- Born: Timothy Scott Trudgian 1984 (age 41–42) Brisbane, Australia
- Education: University of Oxford; Australian National University;
- Scientific career
- Fields: Mathematics
- Workplaces: Merton College, Oxford; Australian National University; University of Lethbridge; University of New South Wales;
- Thesis: Further results on Gram's Law (2010)
- Doctoral advisor: Roger Heath-Brown

= Timothy Trudgian =

Australian number theorist

Timothy Trudgian is an Australian mathematician specializing in number theory and related fields. He is known for his work on Riemann zeta function, analytic number theory, and distribution of primes. He currently is a Professor at the University of New South Wales (Canberra).

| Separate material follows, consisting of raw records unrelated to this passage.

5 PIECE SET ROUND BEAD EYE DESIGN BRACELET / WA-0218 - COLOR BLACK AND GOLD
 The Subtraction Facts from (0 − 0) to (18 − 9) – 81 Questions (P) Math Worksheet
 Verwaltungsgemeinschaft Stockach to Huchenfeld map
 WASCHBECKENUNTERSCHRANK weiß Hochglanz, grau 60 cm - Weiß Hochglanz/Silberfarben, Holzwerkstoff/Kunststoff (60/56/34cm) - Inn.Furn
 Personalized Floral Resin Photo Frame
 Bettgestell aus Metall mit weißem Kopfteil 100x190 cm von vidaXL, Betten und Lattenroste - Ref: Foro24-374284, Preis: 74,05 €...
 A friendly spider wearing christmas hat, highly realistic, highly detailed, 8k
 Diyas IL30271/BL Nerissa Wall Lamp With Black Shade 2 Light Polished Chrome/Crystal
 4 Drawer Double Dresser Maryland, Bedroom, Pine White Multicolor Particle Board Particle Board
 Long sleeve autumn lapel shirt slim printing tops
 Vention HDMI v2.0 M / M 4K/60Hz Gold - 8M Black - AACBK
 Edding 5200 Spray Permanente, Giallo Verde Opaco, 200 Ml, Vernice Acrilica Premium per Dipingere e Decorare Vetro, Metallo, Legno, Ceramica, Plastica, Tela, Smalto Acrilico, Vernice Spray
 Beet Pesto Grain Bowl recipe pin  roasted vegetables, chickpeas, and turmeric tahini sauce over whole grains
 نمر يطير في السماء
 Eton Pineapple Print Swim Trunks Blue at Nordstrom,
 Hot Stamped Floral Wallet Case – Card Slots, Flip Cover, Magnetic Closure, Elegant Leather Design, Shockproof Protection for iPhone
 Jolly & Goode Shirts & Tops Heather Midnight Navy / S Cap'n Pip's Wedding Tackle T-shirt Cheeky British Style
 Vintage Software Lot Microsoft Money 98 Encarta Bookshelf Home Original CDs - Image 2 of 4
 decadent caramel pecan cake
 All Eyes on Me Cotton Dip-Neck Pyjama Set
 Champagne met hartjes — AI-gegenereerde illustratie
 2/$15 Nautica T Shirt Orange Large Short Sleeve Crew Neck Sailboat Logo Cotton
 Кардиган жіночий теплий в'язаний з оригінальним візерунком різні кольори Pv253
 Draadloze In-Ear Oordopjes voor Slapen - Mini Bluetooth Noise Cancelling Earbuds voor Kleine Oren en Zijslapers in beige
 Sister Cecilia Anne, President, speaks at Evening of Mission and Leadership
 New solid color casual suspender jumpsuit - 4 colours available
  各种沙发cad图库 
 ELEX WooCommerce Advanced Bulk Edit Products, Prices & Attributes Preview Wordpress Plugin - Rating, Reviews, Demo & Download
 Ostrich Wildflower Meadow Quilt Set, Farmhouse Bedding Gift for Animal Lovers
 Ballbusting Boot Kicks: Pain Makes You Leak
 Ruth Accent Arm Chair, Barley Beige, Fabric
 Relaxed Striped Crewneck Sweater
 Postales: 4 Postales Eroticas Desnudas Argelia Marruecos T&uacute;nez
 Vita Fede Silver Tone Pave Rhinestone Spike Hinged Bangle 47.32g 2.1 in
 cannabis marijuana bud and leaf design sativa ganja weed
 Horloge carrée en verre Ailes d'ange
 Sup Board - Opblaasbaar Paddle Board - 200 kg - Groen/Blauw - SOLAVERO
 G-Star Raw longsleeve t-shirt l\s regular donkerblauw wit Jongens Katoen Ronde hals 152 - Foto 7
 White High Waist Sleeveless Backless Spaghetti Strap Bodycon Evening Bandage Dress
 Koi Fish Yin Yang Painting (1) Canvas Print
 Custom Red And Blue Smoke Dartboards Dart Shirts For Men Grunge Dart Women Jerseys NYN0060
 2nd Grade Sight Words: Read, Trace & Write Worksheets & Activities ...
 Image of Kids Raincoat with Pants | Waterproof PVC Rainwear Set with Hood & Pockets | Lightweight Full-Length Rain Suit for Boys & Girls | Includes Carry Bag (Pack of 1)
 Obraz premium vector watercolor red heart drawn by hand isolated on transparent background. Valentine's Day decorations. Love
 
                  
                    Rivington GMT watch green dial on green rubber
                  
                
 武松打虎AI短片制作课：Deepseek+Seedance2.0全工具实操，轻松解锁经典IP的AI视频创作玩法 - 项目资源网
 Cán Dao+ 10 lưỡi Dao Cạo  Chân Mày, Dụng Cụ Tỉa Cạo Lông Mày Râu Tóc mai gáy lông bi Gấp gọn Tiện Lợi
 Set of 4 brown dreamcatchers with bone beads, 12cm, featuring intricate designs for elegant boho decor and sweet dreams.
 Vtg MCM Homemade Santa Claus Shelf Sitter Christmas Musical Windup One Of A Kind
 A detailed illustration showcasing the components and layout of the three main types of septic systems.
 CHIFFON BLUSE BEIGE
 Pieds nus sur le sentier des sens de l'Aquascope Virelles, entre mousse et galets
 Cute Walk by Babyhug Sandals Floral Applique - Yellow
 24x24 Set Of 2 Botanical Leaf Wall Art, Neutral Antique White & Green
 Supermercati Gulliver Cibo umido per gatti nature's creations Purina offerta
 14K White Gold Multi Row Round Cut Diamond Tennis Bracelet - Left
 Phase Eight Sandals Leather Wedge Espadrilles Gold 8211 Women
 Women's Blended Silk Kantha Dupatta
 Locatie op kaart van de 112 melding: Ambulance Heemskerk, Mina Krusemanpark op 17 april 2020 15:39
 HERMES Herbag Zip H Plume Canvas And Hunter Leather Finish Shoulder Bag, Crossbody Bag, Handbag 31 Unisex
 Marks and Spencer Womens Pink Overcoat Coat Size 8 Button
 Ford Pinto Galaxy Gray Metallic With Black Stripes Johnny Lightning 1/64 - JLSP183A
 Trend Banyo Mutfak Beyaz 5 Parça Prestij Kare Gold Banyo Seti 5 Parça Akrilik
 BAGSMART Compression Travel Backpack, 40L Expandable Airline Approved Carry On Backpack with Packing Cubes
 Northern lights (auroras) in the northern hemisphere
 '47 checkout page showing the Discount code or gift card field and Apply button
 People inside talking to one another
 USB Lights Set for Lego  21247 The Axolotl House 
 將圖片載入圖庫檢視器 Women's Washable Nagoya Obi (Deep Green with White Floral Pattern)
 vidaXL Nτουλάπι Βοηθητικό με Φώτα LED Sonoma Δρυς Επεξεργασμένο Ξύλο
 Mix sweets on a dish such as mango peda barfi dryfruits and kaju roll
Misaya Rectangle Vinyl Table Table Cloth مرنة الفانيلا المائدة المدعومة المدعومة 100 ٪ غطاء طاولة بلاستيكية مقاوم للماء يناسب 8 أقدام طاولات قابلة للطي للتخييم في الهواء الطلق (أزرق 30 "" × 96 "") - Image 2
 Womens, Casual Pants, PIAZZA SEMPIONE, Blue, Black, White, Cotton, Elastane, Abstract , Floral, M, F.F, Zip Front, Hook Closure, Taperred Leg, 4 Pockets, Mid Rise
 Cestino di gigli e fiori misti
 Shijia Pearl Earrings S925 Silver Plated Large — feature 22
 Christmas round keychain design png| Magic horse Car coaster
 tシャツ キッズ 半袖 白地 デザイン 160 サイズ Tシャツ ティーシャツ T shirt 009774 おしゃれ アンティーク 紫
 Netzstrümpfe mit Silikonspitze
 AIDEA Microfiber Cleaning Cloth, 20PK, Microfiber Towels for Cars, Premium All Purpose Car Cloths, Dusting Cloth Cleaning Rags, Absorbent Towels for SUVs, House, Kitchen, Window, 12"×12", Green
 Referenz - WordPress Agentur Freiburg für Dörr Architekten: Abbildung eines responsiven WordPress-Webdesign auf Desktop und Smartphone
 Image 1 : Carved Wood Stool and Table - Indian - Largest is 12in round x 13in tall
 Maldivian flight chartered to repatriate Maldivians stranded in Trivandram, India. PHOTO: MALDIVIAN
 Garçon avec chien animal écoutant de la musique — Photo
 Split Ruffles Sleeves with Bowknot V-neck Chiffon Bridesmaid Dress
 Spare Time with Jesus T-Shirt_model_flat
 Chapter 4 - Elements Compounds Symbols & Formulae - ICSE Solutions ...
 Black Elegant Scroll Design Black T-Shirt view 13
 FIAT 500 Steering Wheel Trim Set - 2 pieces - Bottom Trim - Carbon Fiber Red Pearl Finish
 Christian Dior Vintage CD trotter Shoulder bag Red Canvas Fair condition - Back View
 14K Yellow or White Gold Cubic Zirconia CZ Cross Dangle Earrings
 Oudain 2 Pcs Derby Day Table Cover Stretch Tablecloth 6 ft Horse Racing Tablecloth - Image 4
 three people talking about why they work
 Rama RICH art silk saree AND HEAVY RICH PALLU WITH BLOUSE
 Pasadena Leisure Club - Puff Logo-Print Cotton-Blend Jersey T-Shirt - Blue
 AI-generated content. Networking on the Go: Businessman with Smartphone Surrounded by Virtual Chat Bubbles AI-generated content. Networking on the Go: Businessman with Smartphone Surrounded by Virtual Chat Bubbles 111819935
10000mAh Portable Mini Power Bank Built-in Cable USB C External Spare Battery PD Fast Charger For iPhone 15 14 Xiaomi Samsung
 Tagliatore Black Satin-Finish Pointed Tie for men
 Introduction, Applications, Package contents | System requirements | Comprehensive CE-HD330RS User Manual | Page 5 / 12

== Education and Career ==

Trudgian completed his BSc (Hons) at the Australian National University in December 2005, then his Ph.D. from the University of Oxford in June 2010 under the supervision of Roger Heath-Brown. His dissertation was titled Further results on Gram's Law.

== Research ==

Trudgian has made contributions to the field of analytic number theory. His research includes work on the Riemann zeta function, the distribution of primes, and primitive roots modulo n. In joint work with Dave Platt, he verified that the Riemann hypothesis is true up to imaginary height 3 trillion. In 2024, together with Terence Tao and Andrew Yang, Trudgian published an on-going database of known theorems for various exponents appearing in analytic number theory, named Analytic Number Theory Exponent Database (ANTEDB), which could be used in the future for Lean formalization.

==Recognition==
Trudgian is a Fellow of the Australian Mathematical Society, elected in 2023.

==Personal life==
Trudgian is married and he has two sons.